Howard County should issue no more than $33 million in bonds during the next fiscal year to finance construction of new schools, police and fire stations and other capital projects, a committee appointed by County Executive Elizabeth Bobo recommended this week.
In a report released Monday, the executive's bond affordability committee said that voluntary ceiling is the highest level of new debt the county can afford to assume without eventually jeopardizing its long-term financial health.
Bobo established the committee soon after taking office last year when she became concerned that the county government had been borrowing more than it would be able to pay back. The idea of such a self-imposed spending limit, she said, was to help the county maintain its prized AA+ bond rating without significantly raising taxes or reducing essential services.
Setting an early tone of fiscal restraint for the upcoming budget season, she said Monday that she planned to stay within the recommended limit when preparing her capital budget for the fiscal year beginning in July and hoped the County Council would do the same. Last year, council members authorized spending $9 million in excess of the committee's target, saying that when they received the information in May it was too late to influence their decisions.
Although the committee's latest recommendation is $8 million higher than the $25 million it previously said the county could afford annually, there is no doubt that it will fall far short of departmental requests.
The Board of Education already has requested $13.5 million in local construction funds for next year, and Corrections Director Gerald McClellan has indicated he will ask for money to expand the capacity at the county jail. Other administrators have said they, too, have space needs requiring satisfaction next year and new requests are arriving at Bobo's office almost daily.
"It's going to be an interesting budget year," said Public Works Director James Irvin.
County officials stress that while the local economy is strong, the level of Howard's indebtedness became an issue when budget analysts determined that long-term debt was equal to close to 10 percent of their revenue.
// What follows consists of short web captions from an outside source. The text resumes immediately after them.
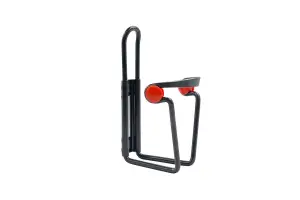 Крепление фляги KW 30111, цвет: черный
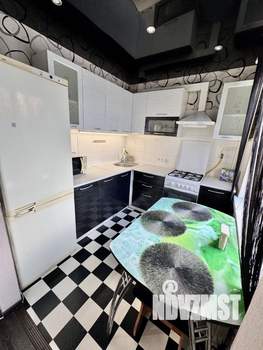 2-к квартира, на длительный срок, 47м2, 3/5 этаж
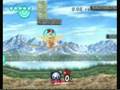 08.46 - Meta Knight [World Record]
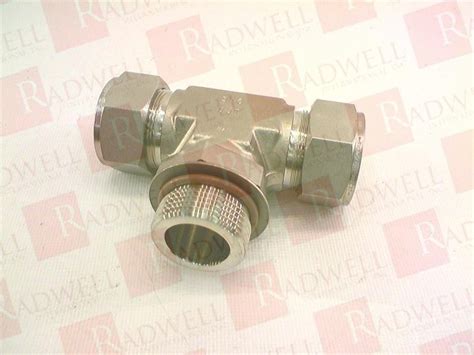 Ss Tts By Swagelok Buy Or Repair At Radwell Radwell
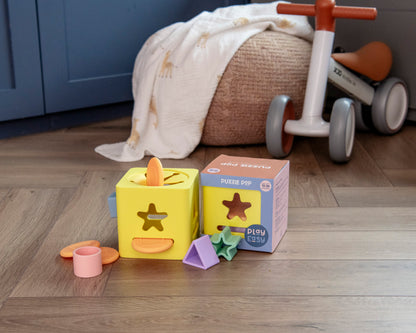 PlayEasy Puzzle Pop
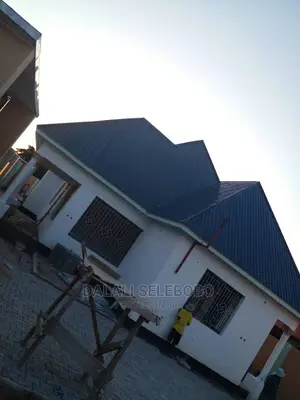 4bdrm Bungalow in Kigamboni Twangoma for sale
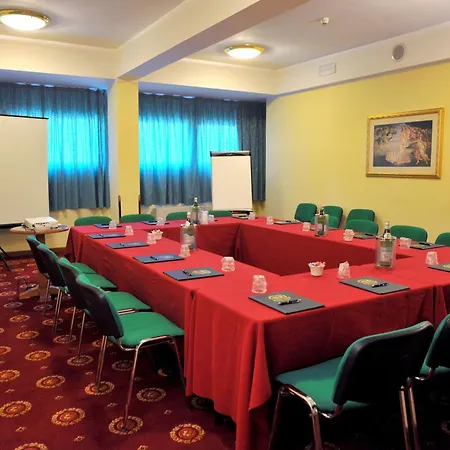 Santa Barbara Ξενοδοχείο 4*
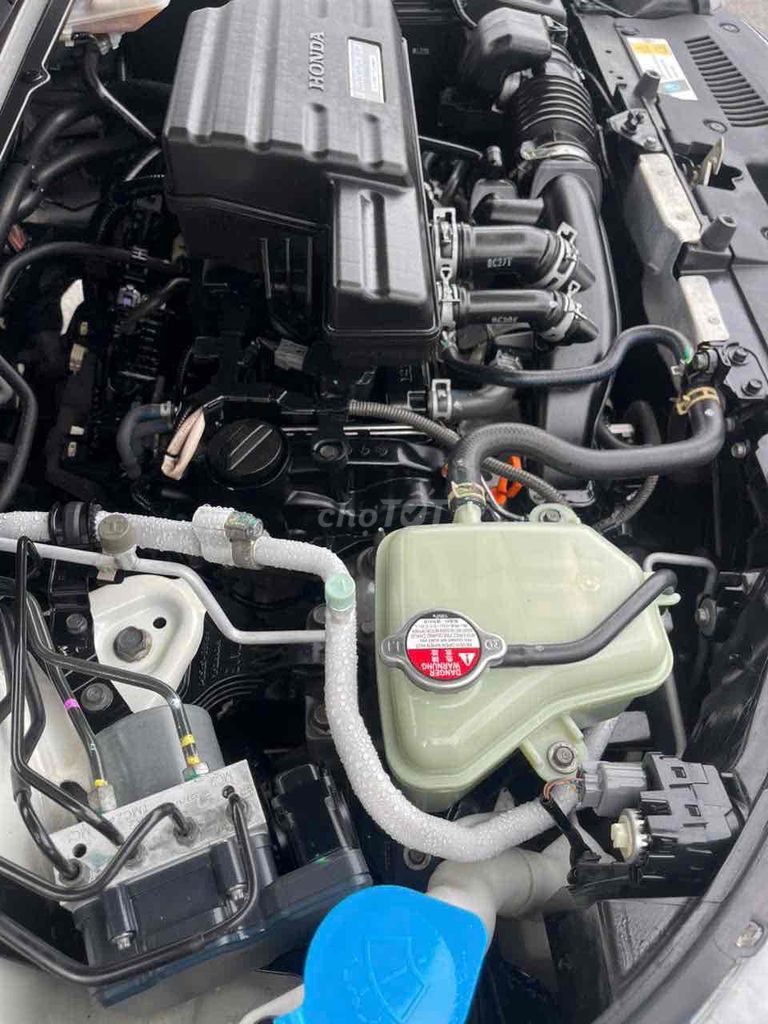 Honda CRV 1.5 2018 G - 97000 km. Mua bán Ô tô tại Huyện Bình Chánh Tp Hồ Chí Minh được đăng bởi Phúc hình 19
That figure gave Howard the highest debt-to-revenue ratio of any of Maryland's biggest jurisdictions except Baltimore City.
According to Budget Administrator Raymond Wachs, the heavy debt was incurred because the county -- seeking to meet the needs of its rapid population growth -- had to build a large number of public buildings and roads within a short time.
The committee's chairman, John Whiteside, president of Commercial and Farmers Bank in Ellicott City, said the county's wealth so far had helped to offset the effects of its relatively high debt. He said the committee estimated that as the need for capital projects continues, the county can afford to pay up to 12 percent of its current revenue -- or $33 million -- in debt payments annually.